On Thursday, August 28, 1845, as the innovations born of the industrial revolution were sweeping across the young U.S., an aspirational weekly broadsheet with handsome engraved illustrations appeared, promising to be “The Advocate of Industry and Enterprise, and Journal of Mechanical and Other Improvements”: Scientific American. Its founder and editor, an itinerant inventor and landscape painter named Rufus Porter, promised informational graphics about “New Inventions, Scientific Principles, and Curious Works” and news of “progress of Mechanical and other Scientific Improvements,” including patents, “Miscellaneous Intelligence” and even poetry. (The first issue had a tribute to “Attraction,” with rhymes that somehow managed to range from fundamental physical forces such as gravity to the lure of human romance.)

Today Scientific American is our country's longest continuously published magazine—the flagship of editions in 15 languages (there are another eight of its sister title, Scientific American Mind)—with all the modern iterations you would expect: a lively Web site with daily news and blogs, apps, newsletters, a book imprint with Farrar, Straus and Giroux, a textbook series with Macmillan Higher Education, eBooks, events, and more. The magazine has grown up alongside its parent country, documenting the scientific advances and technological innovations that have enhanced human lives and fueled economic growth.

Starting this month, we're celebrating our 170th anniversary with a series of editorial activities that will run through the end of the year, and we invite you to participate. Stay tuned.

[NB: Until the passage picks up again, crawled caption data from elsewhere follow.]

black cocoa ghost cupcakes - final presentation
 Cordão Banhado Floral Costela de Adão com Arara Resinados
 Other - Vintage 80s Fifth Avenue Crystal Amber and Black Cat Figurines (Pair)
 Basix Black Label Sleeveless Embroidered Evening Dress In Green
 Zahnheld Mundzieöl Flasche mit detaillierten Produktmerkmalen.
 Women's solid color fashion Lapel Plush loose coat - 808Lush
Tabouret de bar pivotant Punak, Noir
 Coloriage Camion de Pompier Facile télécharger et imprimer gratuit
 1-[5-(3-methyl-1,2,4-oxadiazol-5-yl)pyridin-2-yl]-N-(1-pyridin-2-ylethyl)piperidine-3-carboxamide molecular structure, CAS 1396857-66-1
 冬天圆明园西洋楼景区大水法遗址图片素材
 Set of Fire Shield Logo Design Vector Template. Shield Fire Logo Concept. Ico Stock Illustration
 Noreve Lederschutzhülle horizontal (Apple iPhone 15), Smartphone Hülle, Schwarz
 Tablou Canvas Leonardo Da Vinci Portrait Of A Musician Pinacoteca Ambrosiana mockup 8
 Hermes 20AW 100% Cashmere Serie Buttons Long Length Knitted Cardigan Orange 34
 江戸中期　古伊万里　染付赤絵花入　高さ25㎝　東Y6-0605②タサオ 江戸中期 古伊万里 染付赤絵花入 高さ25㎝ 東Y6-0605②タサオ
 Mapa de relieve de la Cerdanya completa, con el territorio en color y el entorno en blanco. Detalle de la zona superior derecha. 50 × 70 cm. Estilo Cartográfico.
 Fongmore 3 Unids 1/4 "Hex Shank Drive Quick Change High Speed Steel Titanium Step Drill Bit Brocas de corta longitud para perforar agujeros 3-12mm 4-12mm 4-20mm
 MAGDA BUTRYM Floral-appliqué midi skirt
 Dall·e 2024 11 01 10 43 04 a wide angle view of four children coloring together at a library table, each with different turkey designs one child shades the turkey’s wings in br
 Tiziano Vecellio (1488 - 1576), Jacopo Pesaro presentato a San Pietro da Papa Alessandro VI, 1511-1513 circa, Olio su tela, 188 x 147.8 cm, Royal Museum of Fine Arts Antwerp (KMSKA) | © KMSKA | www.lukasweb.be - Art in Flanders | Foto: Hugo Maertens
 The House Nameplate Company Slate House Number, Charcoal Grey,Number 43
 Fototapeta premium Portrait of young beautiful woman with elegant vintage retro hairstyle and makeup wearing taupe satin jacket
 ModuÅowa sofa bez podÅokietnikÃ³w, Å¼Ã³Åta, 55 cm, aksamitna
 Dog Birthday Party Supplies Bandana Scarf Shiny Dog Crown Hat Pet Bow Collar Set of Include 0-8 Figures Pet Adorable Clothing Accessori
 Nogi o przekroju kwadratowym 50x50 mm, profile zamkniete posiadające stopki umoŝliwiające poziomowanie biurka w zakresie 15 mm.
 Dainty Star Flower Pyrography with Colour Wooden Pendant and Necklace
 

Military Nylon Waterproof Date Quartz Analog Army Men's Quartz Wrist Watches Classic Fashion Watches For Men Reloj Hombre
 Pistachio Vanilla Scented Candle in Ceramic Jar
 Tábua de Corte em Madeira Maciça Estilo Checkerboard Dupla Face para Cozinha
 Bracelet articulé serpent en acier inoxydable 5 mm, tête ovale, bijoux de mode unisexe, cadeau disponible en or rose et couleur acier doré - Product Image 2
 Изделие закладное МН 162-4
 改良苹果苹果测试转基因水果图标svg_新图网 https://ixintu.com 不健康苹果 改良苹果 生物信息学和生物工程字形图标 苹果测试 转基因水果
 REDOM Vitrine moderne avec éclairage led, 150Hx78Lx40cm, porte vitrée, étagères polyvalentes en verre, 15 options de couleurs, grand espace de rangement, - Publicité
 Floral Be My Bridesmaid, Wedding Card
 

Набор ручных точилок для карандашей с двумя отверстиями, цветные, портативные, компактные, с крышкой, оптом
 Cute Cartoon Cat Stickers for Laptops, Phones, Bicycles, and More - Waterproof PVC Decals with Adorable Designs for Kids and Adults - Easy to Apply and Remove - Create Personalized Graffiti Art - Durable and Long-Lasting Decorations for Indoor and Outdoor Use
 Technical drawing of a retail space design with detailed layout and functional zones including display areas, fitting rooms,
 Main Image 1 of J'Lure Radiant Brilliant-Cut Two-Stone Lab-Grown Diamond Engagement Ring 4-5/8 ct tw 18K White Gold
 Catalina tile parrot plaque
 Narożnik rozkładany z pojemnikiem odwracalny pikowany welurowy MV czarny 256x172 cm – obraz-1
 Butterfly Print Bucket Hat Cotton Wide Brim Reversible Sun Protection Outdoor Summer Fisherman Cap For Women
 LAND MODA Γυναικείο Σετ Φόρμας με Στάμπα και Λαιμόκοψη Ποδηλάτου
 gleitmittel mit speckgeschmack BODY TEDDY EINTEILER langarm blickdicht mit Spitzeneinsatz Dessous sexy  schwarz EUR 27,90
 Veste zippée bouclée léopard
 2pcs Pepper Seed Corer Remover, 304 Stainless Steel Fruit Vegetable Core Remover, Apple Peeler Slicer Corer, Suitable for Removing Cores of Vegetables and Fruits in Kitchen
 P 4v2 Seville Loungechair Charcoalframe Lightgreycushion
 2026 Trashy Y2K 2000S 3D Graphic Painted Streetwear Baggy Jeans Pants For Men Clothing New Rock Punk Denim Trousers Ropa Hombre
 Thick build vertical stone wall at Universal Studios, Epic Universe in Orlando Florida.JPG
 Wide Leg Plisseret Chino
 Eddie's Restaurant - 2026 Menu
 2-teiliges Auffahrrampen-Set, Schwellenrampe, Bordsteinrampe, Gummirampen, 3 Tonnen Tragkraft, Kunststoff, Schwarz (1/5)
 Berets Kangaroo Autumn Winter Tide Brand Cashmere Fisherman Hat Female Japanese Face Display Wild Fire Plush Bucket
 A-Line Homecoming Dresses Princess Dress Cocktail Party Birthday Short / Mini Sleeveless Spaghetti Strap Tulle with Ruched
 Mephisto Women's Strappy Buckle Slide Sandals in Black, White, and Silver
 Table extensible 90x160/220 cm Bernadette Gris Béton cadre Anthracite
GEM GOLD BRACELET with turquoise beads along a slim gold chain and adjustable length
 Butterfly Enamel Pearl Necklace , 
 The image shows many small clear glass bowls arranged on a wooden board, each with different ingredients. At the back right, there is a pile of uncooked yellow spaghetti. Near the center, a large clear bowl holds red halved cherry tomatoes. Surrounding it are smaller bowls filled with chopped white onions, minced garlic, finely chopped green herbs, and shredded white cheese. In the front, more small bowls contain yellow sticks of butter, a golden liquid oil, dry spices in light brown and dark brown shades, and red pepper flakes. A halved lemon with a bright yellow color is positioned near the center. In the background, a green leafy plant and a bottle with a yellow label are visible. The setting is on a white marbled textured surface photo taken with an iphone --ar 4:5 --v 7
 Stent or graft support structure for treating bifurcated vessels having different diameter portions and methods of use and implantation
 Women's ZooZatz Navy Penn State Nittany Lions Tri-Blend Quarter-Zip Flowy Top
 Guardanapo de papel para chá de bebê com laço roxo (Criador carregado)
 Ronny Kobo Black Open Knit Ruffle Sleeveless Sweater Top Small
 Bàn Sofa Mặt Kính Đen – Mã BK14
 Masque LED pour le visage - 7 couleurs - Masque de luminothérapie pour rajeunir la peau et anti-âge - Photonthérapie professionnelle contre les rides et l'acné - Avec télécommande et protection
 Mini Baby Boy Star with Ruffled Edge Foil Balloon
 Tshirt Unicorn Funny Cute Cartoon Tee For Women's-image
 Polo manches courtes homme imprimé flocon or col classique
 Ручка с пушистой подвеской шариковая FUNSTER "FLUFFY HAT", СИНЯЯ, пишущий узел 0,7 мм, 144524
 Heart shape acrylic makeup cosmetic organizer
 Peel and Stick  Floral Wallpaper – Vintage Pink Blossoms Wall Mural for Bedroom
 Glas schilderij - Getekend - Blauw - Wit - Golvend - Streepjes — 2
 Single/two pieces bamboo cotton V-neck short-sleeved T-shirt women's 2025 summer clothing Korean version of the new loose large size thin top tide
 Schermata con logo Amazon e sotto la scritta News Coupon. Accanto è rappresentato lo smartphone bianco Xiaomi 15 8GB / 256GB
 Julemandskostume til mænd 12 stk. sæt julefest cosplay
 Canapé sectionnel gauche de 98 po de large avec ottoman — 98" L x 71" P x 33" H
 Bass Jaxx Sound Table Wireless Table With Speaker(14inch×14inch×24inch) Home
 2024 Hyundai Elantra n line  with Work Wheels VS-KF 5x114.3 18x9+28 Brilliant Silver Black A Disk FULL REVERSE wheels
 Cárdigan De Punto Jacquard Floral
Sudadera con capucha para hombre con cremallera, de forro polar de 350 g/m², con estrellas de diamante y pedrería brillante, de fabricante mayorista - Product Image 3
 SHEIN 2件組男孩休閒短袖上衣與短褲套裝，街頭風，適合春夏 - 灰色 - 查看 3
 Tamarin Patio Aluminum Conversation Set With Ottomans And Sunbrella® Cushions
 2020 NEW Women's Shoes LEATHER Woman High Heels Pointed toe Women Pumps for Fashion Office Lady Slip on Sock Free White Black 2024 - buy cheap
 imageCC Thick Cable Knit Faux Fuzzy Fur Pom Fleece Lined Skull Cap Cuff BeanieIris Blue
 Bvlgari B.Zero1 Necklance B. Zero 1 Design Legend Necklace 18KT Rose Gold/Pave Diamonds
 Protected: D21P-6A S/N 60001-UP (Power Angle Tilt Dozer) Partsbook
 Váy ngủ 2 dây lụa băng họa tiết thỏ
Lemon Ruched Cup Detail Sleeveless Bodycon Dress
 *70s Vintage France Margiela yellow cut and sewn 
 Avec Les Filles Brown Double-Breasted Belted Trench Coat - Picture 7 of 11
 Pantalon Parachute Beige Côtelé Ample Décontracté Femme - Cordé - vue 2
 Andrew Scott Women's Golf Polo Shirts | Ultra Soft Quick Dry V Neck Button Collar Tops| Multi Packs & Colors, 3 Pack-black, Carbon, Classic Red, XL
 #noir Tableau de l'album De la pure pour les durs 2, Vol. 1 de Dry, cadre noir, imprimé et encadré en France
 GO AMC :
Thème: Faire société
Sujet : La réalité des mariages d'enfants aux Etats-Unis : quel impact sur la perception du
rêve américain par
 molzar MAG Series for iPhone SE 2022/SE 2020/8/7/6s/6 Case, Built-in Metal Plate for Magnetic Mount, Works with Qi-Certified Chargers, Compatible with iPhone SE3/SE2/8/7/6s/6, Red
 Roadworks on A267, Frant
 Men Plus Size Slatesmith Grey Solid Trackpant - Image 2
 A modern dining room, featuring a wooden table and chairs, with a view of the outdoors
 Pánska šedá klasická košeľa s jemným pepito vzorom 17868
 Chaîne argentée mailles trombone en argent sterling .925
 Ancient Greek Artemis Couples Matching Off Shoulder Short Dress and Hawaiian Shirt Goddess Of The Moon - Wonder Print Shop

Scientific American readers have curious minds and a shared passion for lifelong learning. In the inaugural issue, Porter noted that the editors would foster student development. “As a family newspaper,” he wrote in his introduction, “it will convey more useful intelligence to children and young people, than five times its cost in school instruction.” (At the time, that cost was $2 annually, worth more than $60 in 2015 dollars.) Today, with national concerns about educating our next generation to succeed in science, technology, engineering and mathematics (STEM), we still report on these topics. (See our special section on “Building the 21st-Century Learner.”) And I deeply hope, as a lovely 1911 editorial in this magazine put it, that we may continue to inspire with tales that evoke “the inherent charm and fascination of science.”